Both types use dominant Fi, and have inferior Te. Both types, despite one being an Intuitive and the other a Sensor, have the capacity to see details and interpret patterns. They just do it in a different order.

A INFP first tries to look for patterns using their Ne, and then they later look at the details using Si. They see the big picture first. A ISFP first gathers details using Se to create a whole picture and then look for patterns using Ni.

Another difference between the two is that INFPs will look for positive future possibilities of change due to Ne, but when they are depressed or or under stress they will perhaps dwell negatively on the past because of Si if it hasn't been developed enough yet. ISFPs usually prefer to savor the present moment because of Se, and if their Ni isn't well developed they will only be able to think of the bad things that will possibly happen in the future. And if a INFP is in a Fi/Si loop, they will get overly meticulous.

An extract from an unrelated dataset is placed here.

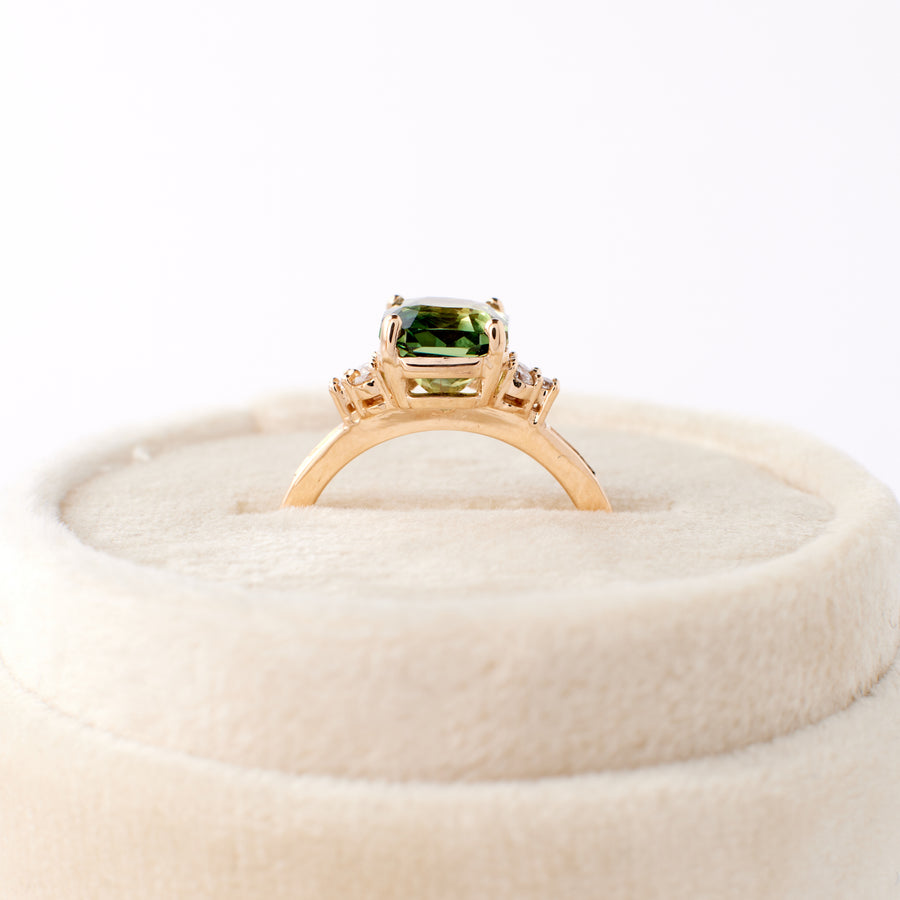 Marigold ring - 3.14 Carat Yellow Green Parti Radiant Sapphire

If you want further information on how Se differs from iNtuiting, go here: http://www.interstrength.com/content/how_to_tell_intuiting_from_extraverted_sensing


----------



## Neon Knight (Aug 11, 2010)

i think i've been getting my socionics Si info mixed up into the cog func Si...


----------



## MilkyWay132 (Jul 15, 2010)

I'm not really familiar with soicionics, but I'm sure the Si in socionics is different from the Si described MBTI cognitive function theory.


----------



## Neon Knight (Aug 11, 2010)

i remember somewhere recently that the socionics Se/Si isn't _that_ different. i wish i could remember who or where i saw it so i could make sure, but i think it was someone here who knew what they were talking about otherwise i might have ignored it.


----------



## Rafiki (Mar 11, 2012)

INFP Fi/Si loop sounds like me.
But I feel like I look at the details of something and then notice the patterns of connection. 
Ne/Si Se/Ni remains a difficulty


----------